# Task details
For every line in the data below, check for the word "leaves", then state how many lines have it. Answer with the number only.

Items listed in a dataset:
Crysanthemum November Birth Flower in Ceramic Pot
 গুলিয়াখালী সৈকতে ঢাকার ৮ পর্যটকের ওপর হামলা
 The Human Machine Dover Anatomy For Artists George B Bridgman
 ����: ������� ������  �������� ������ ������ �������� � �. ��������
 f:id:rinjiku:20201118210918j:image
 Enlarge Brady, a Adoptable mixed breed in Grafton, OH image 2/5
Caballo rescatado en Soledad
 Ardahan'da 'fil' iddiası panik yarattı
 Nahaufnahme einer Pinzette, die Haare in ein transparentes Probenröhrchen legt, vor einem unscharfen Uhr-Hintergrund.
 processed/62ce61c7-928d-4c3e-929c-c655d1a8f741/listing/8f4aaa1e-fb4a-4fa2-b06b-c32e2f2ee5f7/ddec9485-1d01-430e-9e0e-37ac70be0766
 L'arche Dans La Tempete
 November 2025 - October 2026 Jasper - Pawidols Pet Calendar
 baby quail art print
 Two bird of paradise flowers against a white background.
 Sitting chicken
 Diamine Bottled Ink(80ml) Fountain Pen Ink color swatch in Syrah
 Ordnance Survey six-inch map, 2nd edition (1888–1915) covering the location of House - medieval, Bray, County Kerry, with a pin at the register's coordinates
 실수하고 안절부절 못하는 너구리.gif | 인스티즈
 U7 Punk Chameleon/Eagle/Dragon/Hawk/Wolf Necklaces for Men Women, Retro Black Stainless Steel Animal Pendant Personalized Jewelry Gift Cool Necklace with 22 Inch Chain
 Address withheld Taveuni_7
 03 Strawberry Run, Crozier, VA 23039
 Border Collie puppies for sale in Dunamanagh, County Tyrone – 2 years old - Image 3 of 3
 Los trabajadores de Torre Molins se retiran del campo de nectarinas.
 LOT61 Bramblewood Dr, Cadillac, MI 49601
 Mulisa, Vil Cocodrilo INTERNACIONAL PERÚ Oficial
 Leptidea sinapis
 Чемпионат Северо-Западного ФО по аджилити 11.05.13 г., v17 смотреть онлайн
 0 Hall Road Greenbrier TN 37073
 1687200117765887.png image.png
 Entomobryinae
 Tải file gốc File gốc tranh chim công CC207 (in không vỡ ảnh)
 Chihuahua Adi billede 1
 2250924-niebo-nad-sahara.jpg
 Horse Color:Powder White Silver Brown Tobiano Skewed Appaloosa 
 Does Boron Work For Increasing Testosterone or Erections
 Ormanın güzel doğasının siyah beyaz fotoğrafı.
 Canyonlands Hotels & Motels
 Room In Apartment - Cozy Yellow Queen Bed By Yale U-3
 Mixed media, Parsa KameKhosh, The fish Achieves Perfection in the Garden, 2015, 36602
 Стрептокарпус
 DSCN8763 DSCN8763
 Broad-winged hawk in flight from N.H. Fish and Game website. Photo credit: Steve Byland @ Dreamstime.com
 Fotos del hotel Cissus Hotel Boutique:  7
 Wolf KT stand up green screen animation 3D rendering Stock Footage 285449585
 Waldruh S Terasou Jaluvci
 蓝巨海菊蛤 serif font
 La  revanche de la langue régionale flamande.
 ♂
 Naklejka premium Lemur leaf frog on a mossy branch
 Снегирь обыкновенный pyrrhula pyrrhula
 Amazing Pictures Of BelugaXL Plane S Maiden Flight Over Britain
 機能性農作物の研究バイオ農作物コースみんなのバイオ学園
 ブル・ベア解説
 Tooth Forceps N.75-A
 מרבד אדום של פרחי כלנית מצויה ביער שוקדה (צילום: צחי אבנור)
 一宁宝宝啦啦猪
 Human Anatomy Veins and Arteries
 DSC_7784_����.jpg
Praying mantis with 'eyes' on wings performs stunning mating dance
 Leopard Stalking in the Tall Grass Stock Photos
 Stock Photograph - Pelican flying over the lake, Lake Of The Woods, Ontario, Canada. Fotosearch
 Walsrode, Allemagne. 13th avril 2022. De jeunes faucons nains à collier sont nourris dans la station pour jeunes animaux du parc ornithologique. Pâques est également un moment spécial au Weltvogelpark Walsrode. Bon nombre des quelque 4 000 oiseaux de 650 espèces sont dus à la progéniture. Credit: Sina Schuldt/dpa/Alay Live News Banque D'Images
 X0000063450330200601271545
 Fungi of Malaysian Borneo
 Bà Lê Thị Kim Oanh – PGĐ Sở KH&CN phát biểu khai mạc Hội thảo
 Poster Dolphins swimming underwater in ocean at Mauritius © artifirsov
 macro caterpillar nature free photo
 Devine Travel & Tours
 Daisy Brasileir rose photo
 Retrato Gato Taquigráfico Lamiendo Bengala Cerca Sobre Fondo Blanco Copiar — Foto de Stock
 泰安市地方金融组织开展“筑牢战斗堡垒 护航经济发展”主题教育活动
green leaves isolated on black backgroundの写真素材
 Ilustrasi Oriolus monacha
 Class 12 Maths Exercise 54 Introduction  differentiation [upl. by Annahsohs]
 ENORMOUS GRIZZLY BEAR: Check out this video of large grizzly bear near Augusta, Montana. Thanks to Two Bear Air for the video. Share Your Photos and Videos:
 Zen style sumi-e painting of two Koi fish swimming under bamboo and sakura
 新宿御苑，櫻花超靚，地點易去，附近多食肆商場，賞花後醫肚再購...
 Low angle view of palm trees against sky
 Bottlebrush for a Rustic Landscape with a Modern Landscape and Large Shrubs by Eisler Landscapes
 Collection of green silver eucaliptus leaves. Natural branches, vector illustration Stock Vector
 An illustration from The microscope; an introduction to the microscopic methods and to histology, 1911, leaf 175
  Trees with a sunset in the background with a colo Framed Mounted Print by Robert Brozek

# Response to this task
2